In the days since the great civil rights awakening, a revolution has occurred across America. Uptight suburbanites who couldn’t imagine socializing with, working for or marrying a “Negro,” have given way to a new and different generation. That process has cleared the way for a generation of “Black Believers” who fully accept that America means what it says when it promises to treat them fairly. Are these young African Americans naive about racism or basically more confident than their elders? Now, from a venerated and best-selling author on American life comes a tremendously important book about one of the most significant issues in the history of our republic – America’s race relations.
The book, The End of Anger by Ellis Cose offers a fresh, original appraisal of our nation at this extraordinary time, tracking the diminishment of Black anger and investigating the "generational shifting of the American mind." Weaving material from myriad interviews as well as two large and ambitious surveys - one of Black Harvard MBAs and the other of graduates of A Better Chance, a program that has offered elite educational opportunities to thousands of young people of color since 1963 – Cose offers an invaluable portrait of contemporary America in which all agree that life is different for an African American than it is for a White American. Cose says that what is different is the perception of discrimination in terms of their life possibilities. Younger Blacks are more likely to believe that they can personally overcome institutional racism because there are ways to get around it that their parents didn’t have, and their grandparents could not even imagine.

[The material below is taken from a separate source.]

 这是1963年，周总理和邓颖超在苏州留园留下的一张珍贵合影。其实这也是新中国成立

Cose sketches a picture of consistent historical and generational change in which growing optimism among Blacks is a natural response to waning racial bigotry among Whites. In The End of Anger, Cose names each generation to reflect improving race relations: the Black “Fighters” of midcentury America were succeeded by the civil rights “Dreamers” of the late 20th century, who are now sharing power and prominence with the “Believers” of the new millennium. Cose’s collection of intergenerational interviews provides tangible evidence of the improvement in racial dynamics over the past 50 years: the contempt and blatant discrimination suffered by the “fighters” and “dreamers” giving way to the interracial relationships and expanded job opportunities of the “believers.”
The refreshing, readable and comprehensive book cites “a sense of optimism among African Americans” and in a interesting manner, attributes the increase of Black optimism to three factors: Barack Obama’s election; "generational evolution," which sees each successive generation harboring fewer racial prejudices, suggesting that African Americans could be facing less racism than their parents; and the related rise of racial equality.

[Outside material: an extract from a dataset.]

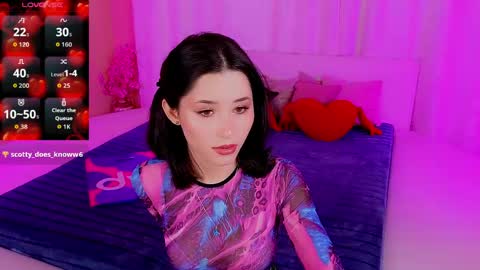 Snapshot of redmidnight_ chatting on June 6, 3:50 pm Kiara online show from June 6, 3:50 pm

The book provides a contemporary look at 21st century America and is a paradoxical portrait of race in America, where educated, privileged Blacks are optimistic about their futures, but for Blacks at the lower end of the economic spectrum, equality remains as elusive as ever. Cose matches statistics to analysis in his comprehensive look at race in the 21st century. The End of Anger provides insight on young Black movers and shakers like the former Tennessee congressman Harold E. Ford Jr. and the N.A.A.C.P. president, Benjamin Jealous. Cose’s interviews with well-established leaders with relatively conventional platforms and constituencies produced predictable comments.

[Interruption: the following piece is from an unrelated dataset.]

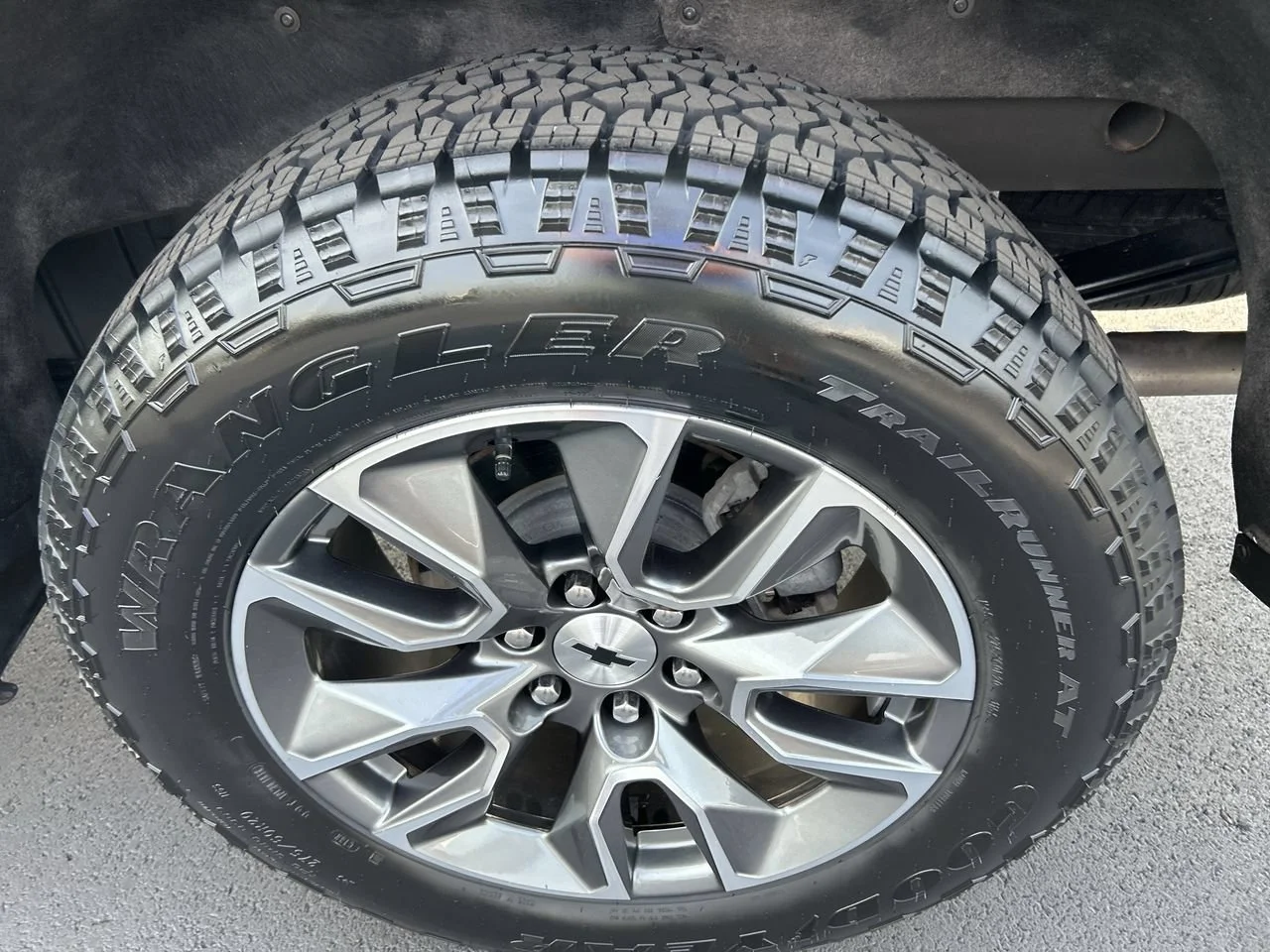 Used 2024 Summit White Chevrolet RST image 10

Does hard-core and blatant racism still exist? Read Cose’s offering as he states “I think we will for generations, and maybe forever, be dealing with the impact of racism. But racism as a phenomenon itself is fading, but I don't think we’ll reach a point where we can talk about it and deal with it when it’s still a problem.” Racism is a problem we still have to deal with in America, but The End of Anger may well be the most important book dealing with race to date.
(William Reed is available for speaking/seminar projects via BaileyGroup.org)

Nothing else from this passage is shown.